Abstract: Nationwide Media Coverage of Gun Safety: Community Structure Theory and Community Vulnerability

◆ Olivia Degirolamo, The College of New Jersey
◆ Hayley Martin, The College of New Jersey
◆ Dana Corvil, The College of New Jersey
◆ Gianna Calandra, The College of New Jersey
◆ John C. Pollock, The College of New Jersey
◆ James Sparano, The College of New Jersey

Community structure theory (Pollock, 2007, 2013, 2015) was used to compare city characteristics and nationwide media coverage of gun safety in newspapers in 28 major U.S cities, sampling all articles with 250+ words from 12/14/2012 to 8/3/2019. The resulting 531 articles were coded for “prominence” and “direction” (“government responsibility”, “societal responsibility”, or “balanced/neutral” coverage), then combined into each newspaper’s composite “Media Vector” (range= .879 to -0.766, or 1.645). Twenty-two of 28 newspapers (79 percent) manifested government responsibility for gun safety.

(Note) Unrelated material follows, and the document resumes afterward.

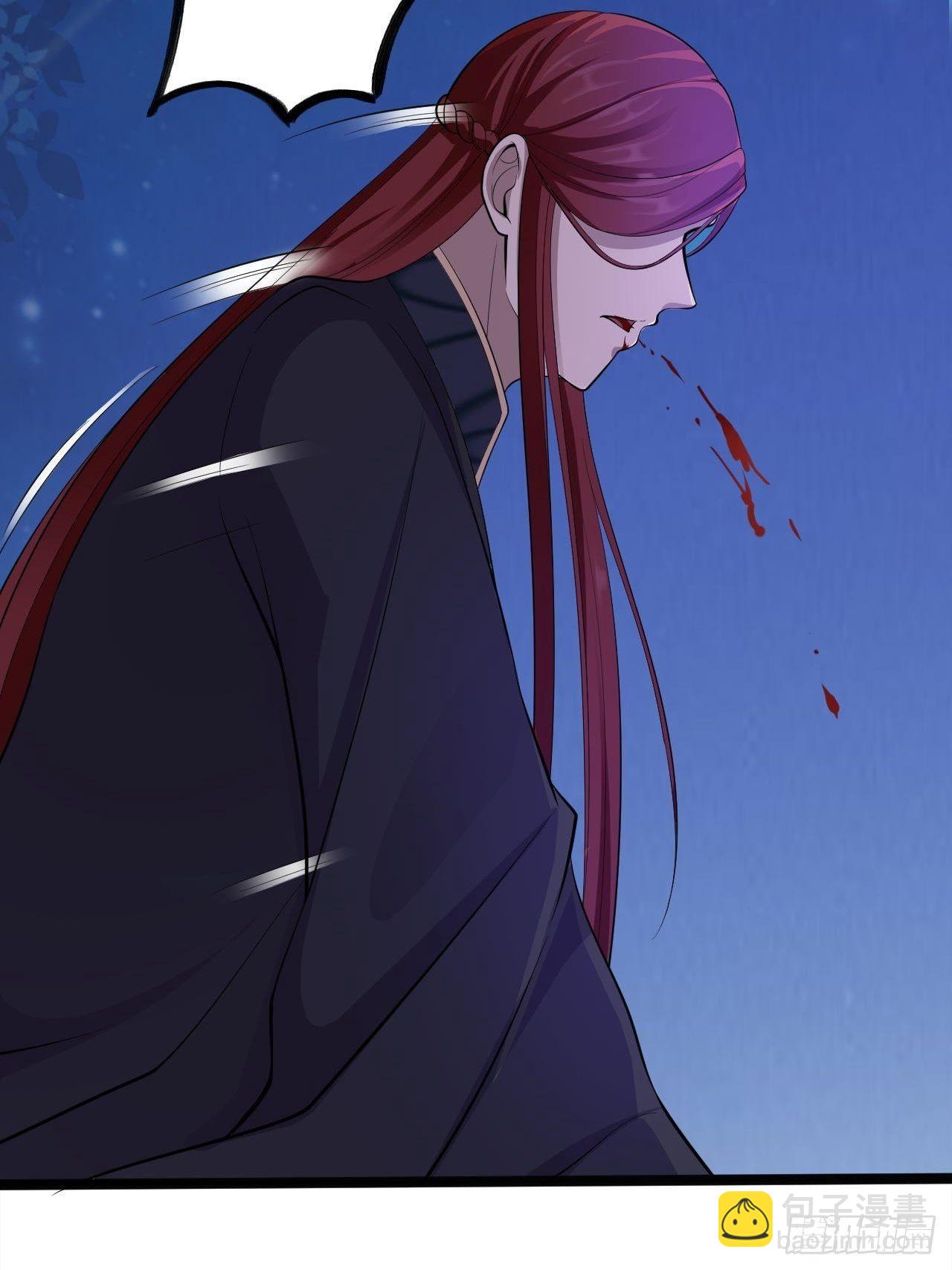 第37话 护着他(1/2)-第38话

Overall, the results confirmed a strong “vulnerability” pattern. (Media “mirror” the interest of marginal/disadvantaged groups: Pollock, 2007, p. 137.). Higher percentages of uninsured in a city are linked to more media emphasis on “government” responsibility for gun safety (r=0.479, p=0.007), as are higher percentages below the poverty line (r=0.345, p=0.039). Consistently, the greater the violent crime rate in a city (r=0.289, p=0.076), the more “directional” (though not significant) the media emphasis on government responsibility for gun safety. Regression analysis yielded greater percentages of uninsured in a city accounting for 22.9% of the variance associated with coverage emphasizing government responsibility for gun safety.

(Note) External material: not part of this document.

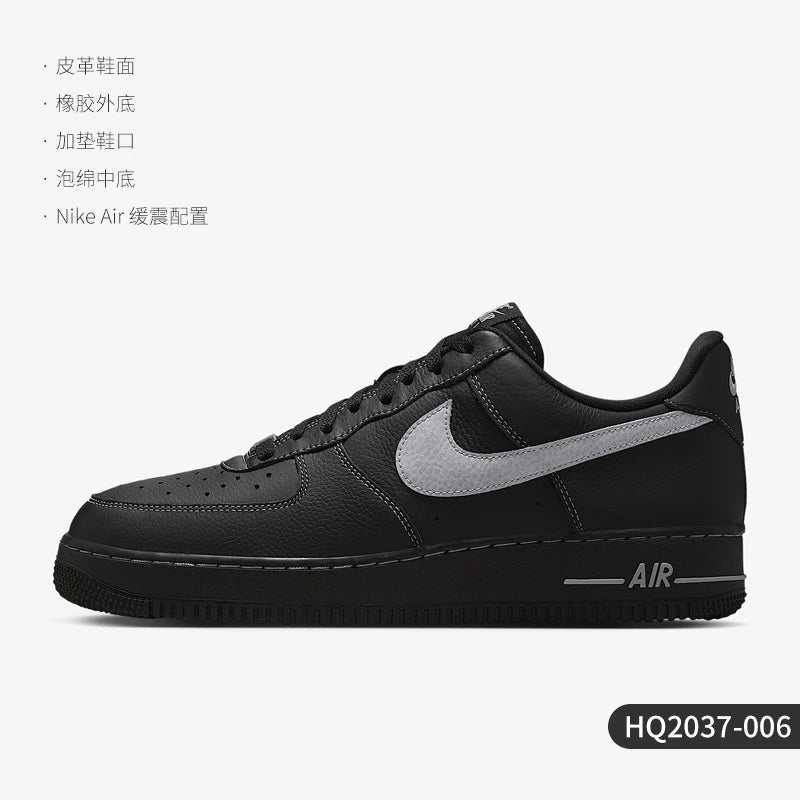 Zapatillas casual Nike Authentic AIR FORCE 1 07 LV8 para hombre HQ2037-006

Finding measures of “vulnerability” associated with media support for government responsibility for gun safety is a complete departure from previous community structure research. For example, Patel, et al. (2017), confirmed essentially the “opposite” of the “vulnerability” hypothesis: a “buffer” hypothesis (privileged groups linked to sympathetic coverage of groups making rights claims) “Privileged” cities with greater healthcare access -- greater numbers of physicians per 100,000 and greater numbers of hospital beds per 100,000 people -- were associated with greater media emphasis on government responsibility for gun safety. One way to account for different findings: The 2017 Patel, et al. study sampled newspapers from 12/14/12 – 11/7/16, about four years. By contrast, the current study sampled newspapers for a more recent, almost seven-year period from 12/14/12 to 08/3/019, encompassing far more mass shootings.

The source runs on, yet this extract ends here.